**Exercise instructions:**
Would you please return the data below verbatim, without its pictures?

**Data below:**
--------------------------------
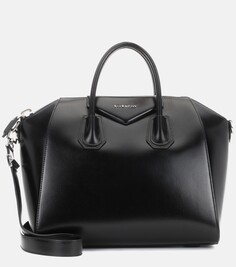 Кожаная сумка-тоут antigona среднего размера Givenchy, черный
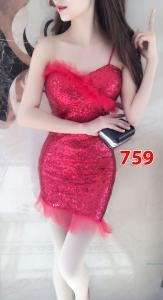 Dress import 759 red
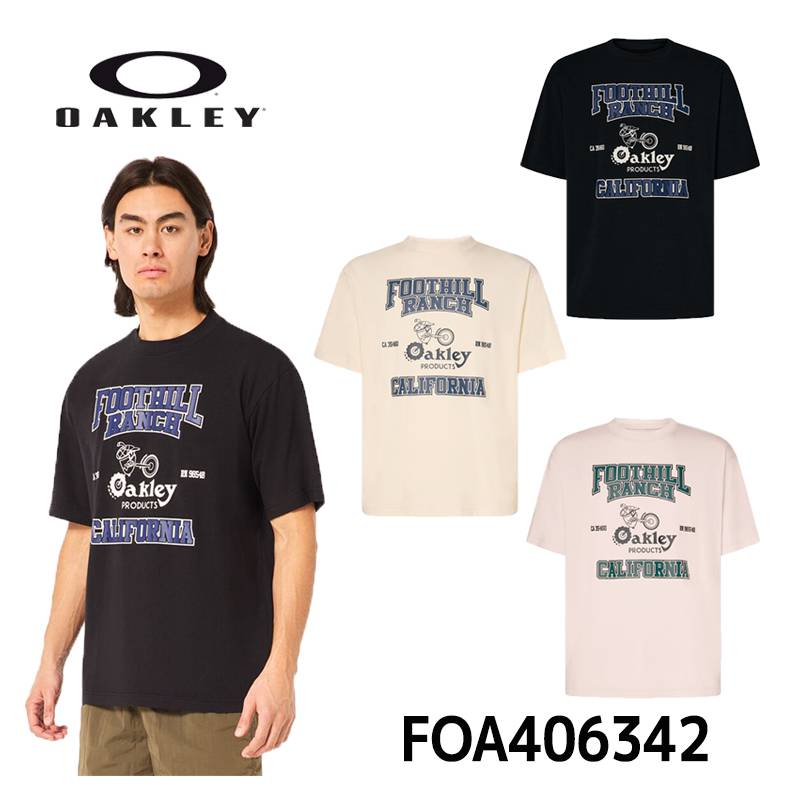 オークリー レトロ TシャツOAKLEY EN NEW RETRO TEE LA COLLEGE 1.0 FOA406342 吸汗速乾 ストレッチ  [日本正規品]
--------------------------------
**Result:**
 Кожаная сумка-тоут antigona среднего размера Givenchy, черный
 Dress import 759 red
 オークリー レトロ TシャツOAKLEY EN NEW RETRO TEE LA COLLEGE 1.0 FOA406342 吸汗速乾 ストレッチ  [日本正規品]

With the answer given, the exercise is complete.